[Start of section]

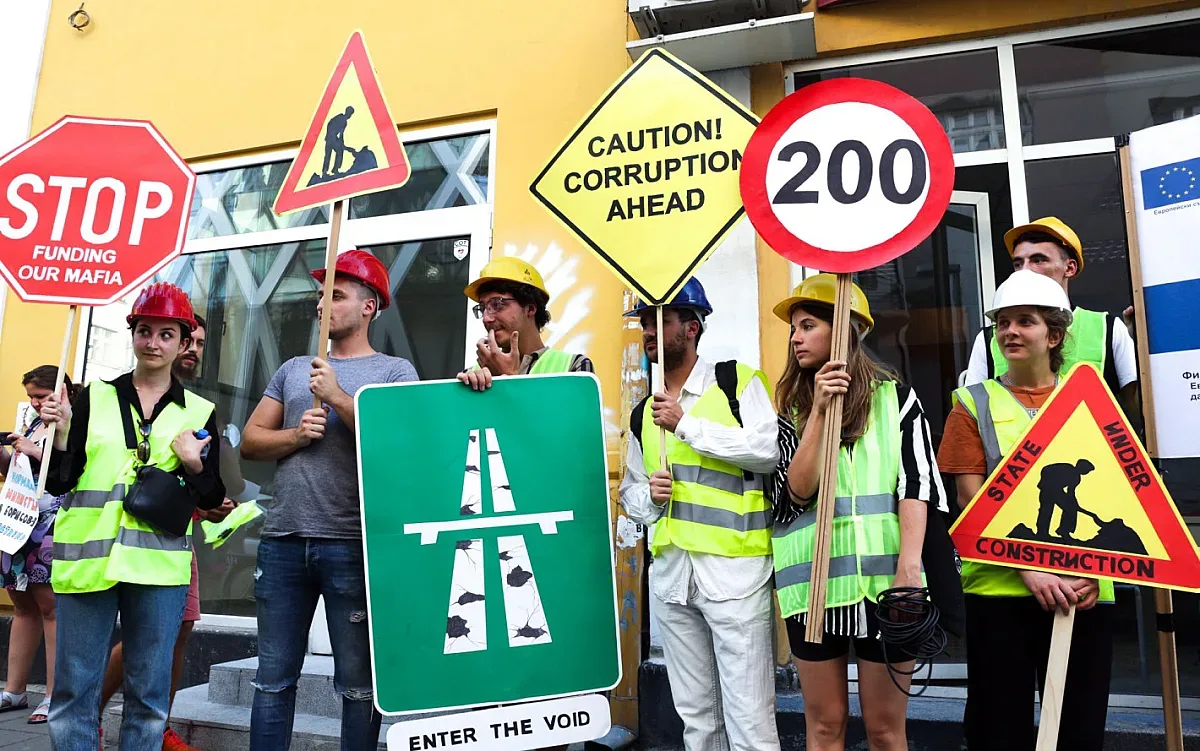 Протестърите се насочиха към Европа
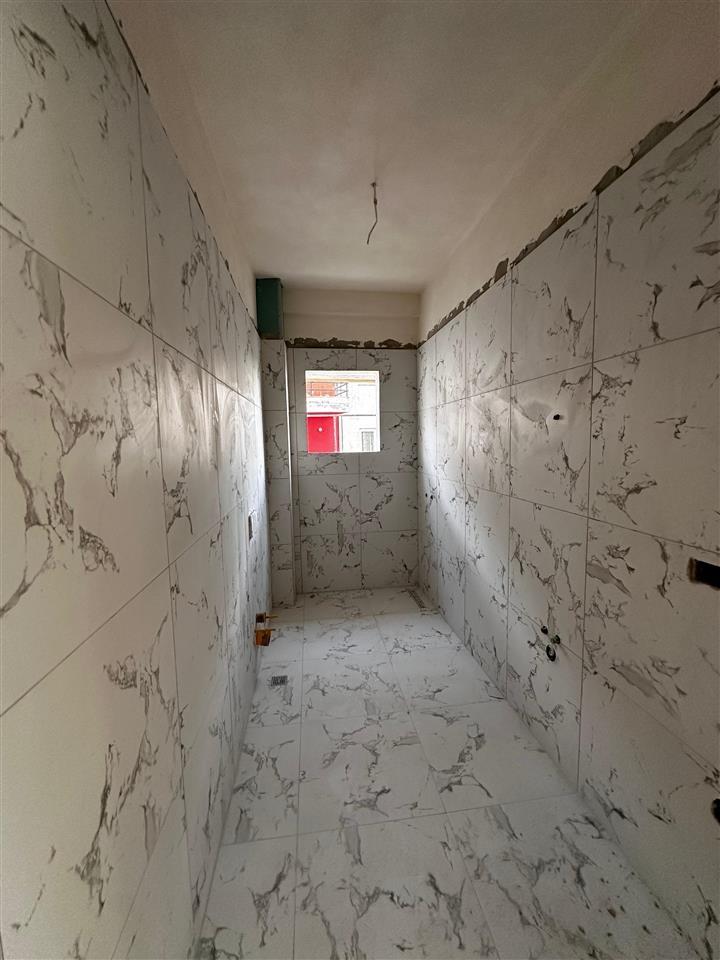 Shiten Apartamente/Duplex 1+1 dhe 2+1 me pishine, Golem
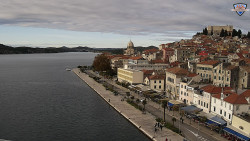 Nábřeží a město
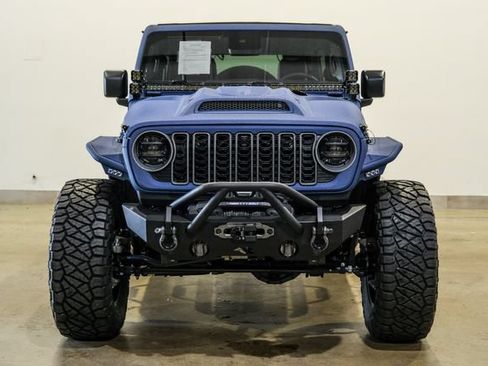 Used 2025 Jeep Wrangler Unlimited Rubicon w/ Safety Group AWD/4WD image 2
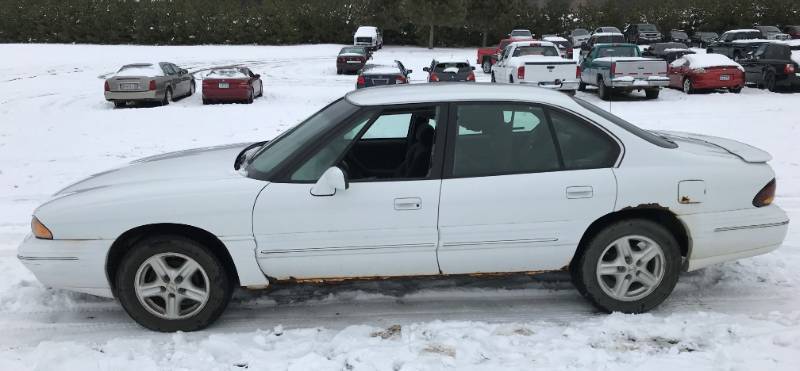 lot 4 image: 1999 Pontiac Bonneville SE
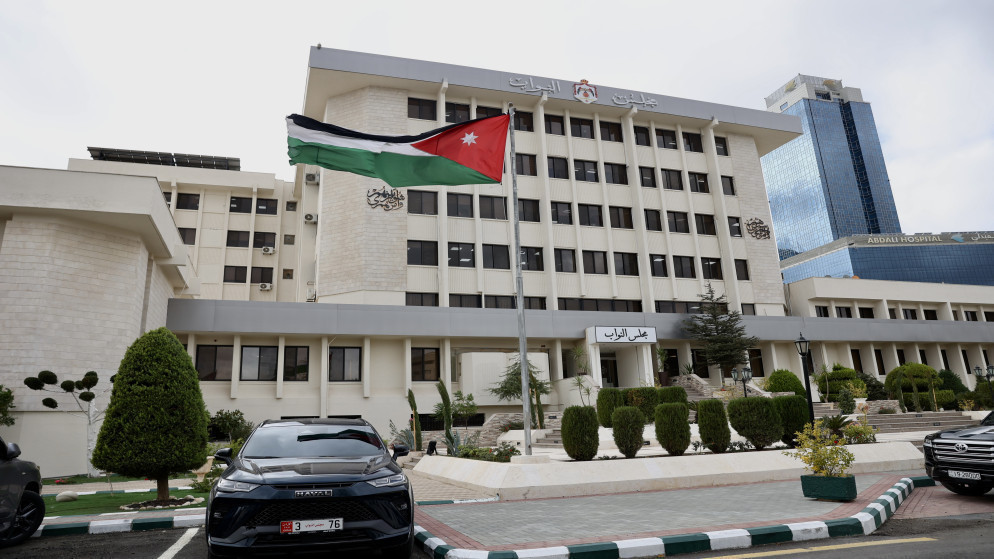 العبادي: مشروع قانون “اللجنة الوطنية للمرأة” لا يُنشئ هيئة جديدة بل يشرعن كياناً قائماً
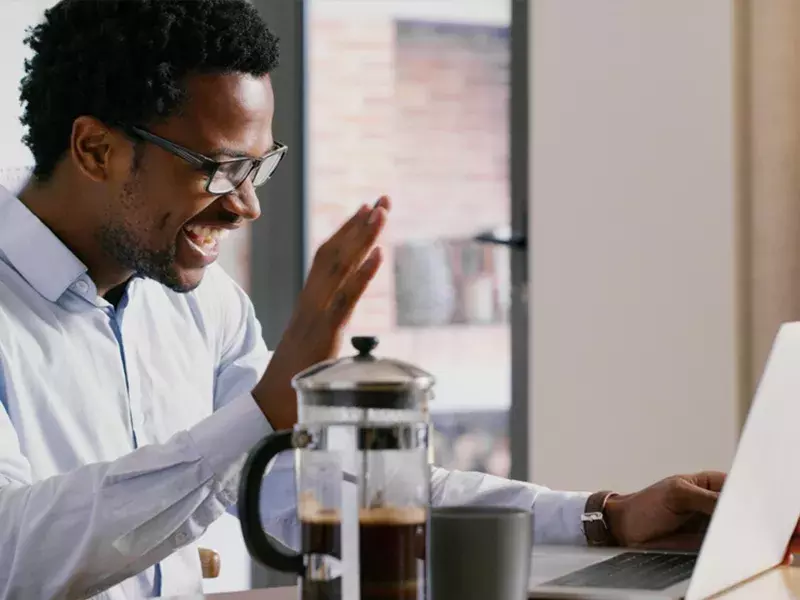 Pensions consulting employee in meeting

[End of section]

Your output should be exactly the lines of the records above from the one with "lot 4 image: 1999 Pontiac Bonneville SE" through the last, both ends included, with pictures excluded.

 lot 4 image: 1999 Pontiac Bonneville SE
 العبادي: مشروع قانون “اللجنة الوطنية للمرأة” لا يُنشئ هيئة جديدة بل يشرعن كياناً قائماً
 Pensions consulting employee in meeting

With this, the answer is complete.